The audience’s response to my 20-minute set was kind rather than enthusiastic, but we were all enjoying ourselves, all Jews together, the stage draped with the visual glue that held us together: the flag of the State of Israel.
More than 20 years later I stood near the same flag, flying over a checkpoint on the occupied West Bank. I was heading to Ramallah, to do my Jewish comedy to about 100 Palestinians. This audience, understandably, was even more curious. They couldn’t believe that anyone, let alone a Jew, had come from abroad to entertain them in their landlocked prison. I felt like Johnny Cash without the cash.
Between those two gigs I’d learned a fair bit about freedom of speech and the Jewish predicament.
When Jews weigh into the freedom of speech debate, as we invariably do, we do so on the libertarian side. Like our greatest comedian, Lenny Bruce, we tend to think anything goes.
So nothing is more unhelpful to the cause of Jewish humour than the growing belief that criticism of Israel equals antisemitism. Along with this there’s an unwritten edict now that only Jews are permitted to tell Jewish jokes, as if we Jews need special treatment.
I’m not very popular among the UK’s Jewish leaders and I’m kept well away from most Jewish comedy crowds. I have been told by professional bookers that I am not wanted because of my political outlook. Countless times, Jewish people who enjoy my comedy begin to book me and then suddenly disappear. At other times my gigs get cancelled.
I can’t claim to be a victim of exclusion, because I have happily done my share of excluding others.
A few years ago I let it be known that any comedians doing benefit shows for an organisation called the Jewish National Fund (JNF), would not be welcome at my comedy night in north London. The JNF raises money to buy homes in the Holy Land for Jews only. I regard it as integral to Israel’s ethnic cleansing.
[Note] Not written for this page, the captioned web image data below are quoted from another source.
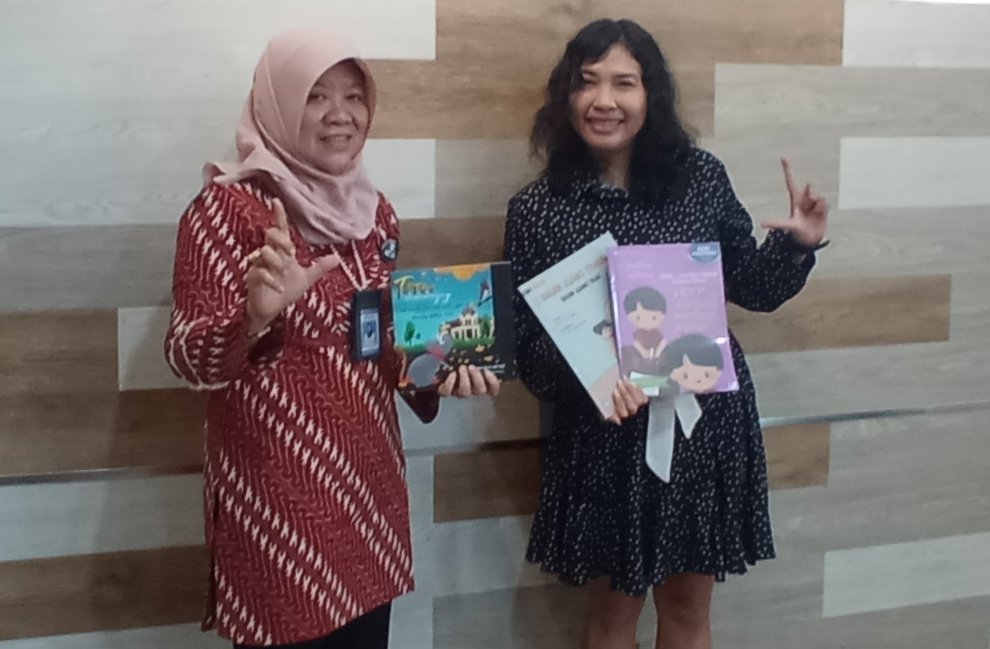 Balai Bahasa Jawa Timur Apresiasi Karya Tulis Ita Surojoyo
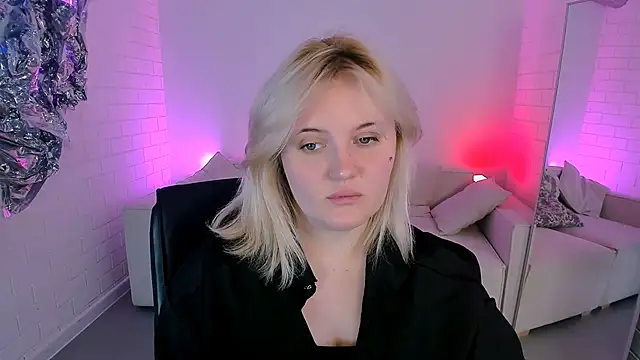 KathyBriggs online show from April 26, 5:05 am
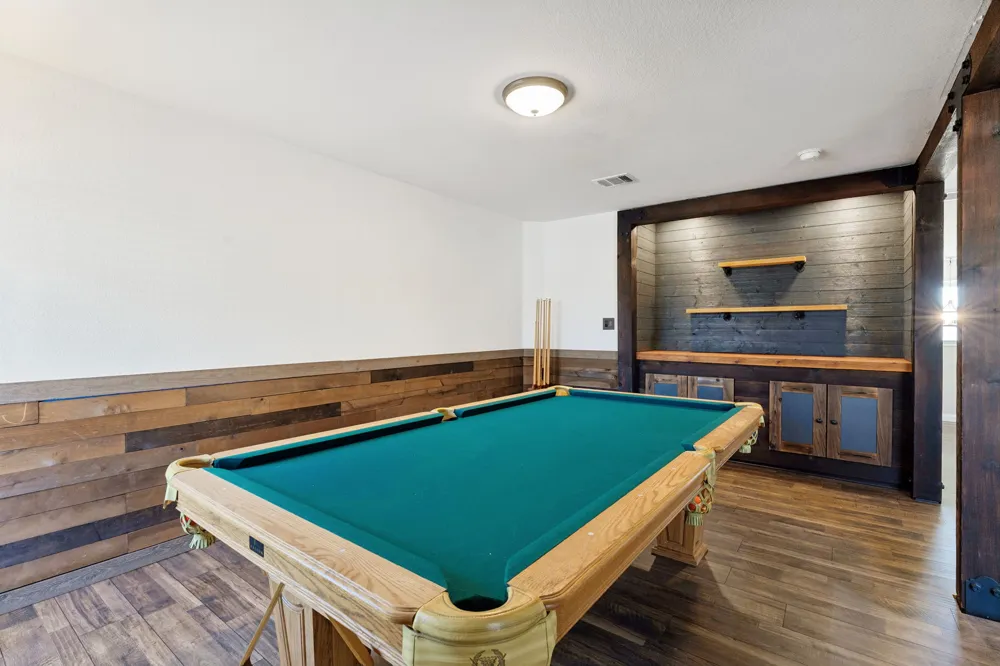 18601 White Water Cove Pflugerville, TX 78660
Many of my fellow Jewish comedians, who have no difficulty pocketing the JNF coin, have taken umbrage and we’ve fallen out. It’s a pity because I like them, they are funny and they’re not racists. But we see things differently, at least we do now: The JNF is the group I performed for on that flag-draped stage more than 20 years ago. I’ve changed. Jewish comedy needs to change too.
I enjoyed David Baddiel’s joke: “Jeremy Corbyn states there is no room for anti-Semites in the Labour Party. That’s because it’s already full up with them”. I am a supporter of Corbyn and I think the basis of this joke is false, but I still laughed. Jokes don’t need to be true to be funny.
Sadly, most Jewish comedians now seem afraid to challenge their audience’s conservative consensus for fear of being labelled traitors, and many Jews seem afraid to hear, let alone laugh at, anything challenging or new.
I like to think that Lenny Bruce was the first person to present stand-up comedy as social critique, and that he lived and died exposing hypocrisy in the US establishment. We Jews owe debts of gratitude to Mr Bruce. But who do we have in stand-up today that compares?
Now that antisemitism is rising across Europe again, a new impetus to Jewish comedy has never been more urgent.
Old Jewish Jokes (13:15) and The Ivor Dembina Show (18:15) are at Finnegan’s Wake  until Aug 26 (not Tues)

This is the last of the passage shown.